Record set
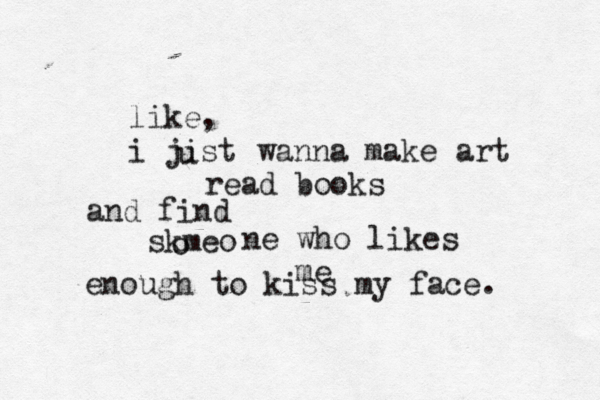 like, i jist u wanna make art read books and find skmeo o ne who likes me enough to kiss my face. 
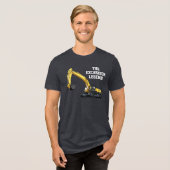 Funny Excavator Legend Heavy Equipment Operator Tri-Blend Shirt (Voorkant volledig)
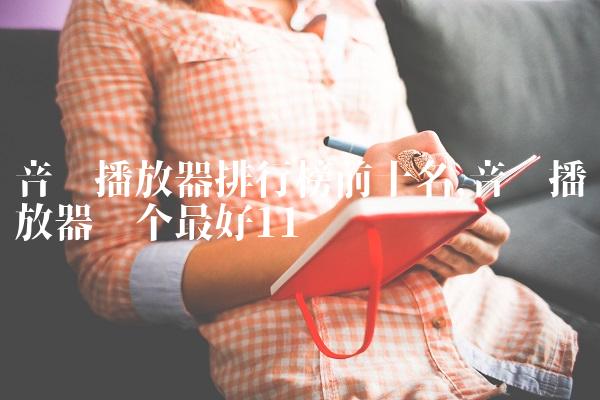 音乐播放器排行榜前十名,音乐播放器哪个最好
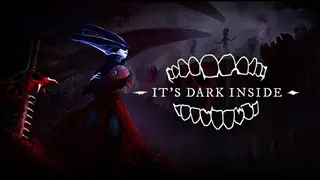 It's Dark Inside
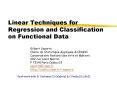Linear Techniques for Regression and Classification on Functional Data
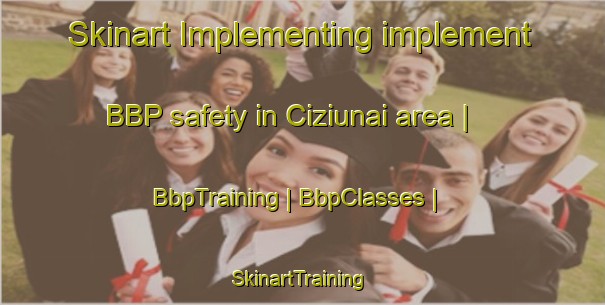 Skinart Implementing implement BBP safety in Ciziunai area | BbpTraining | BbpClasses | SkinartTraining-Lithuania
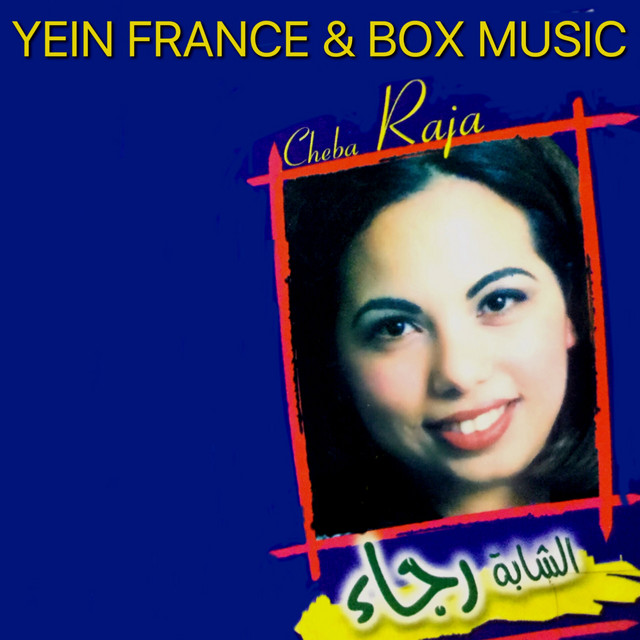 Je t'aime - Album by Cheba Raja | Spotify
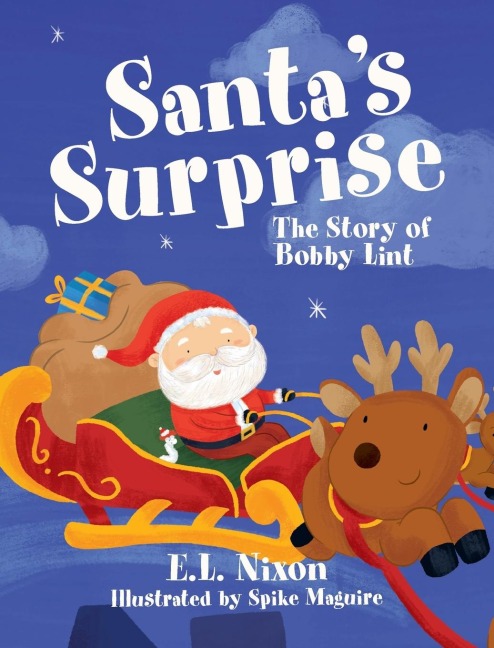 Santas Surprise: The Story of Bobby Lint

Brief
Set down word for word the lines beginning with the one containing "It's Dark Inside" and ending with the last line of the listing, inclusive. Omit every picture.

Written answer
 It's Dark Inside
Linear Techniques for Regression and Classification on Functional Data
 Skinart Implementing implement BBP safety in Ciziunai area | BbpTraining | BbpClasses | SkinartTraining-Lithuania
 Je t'aime - Album by Cheba Raja | Spotify
 Santas Surprise: The Story of Bobby Lint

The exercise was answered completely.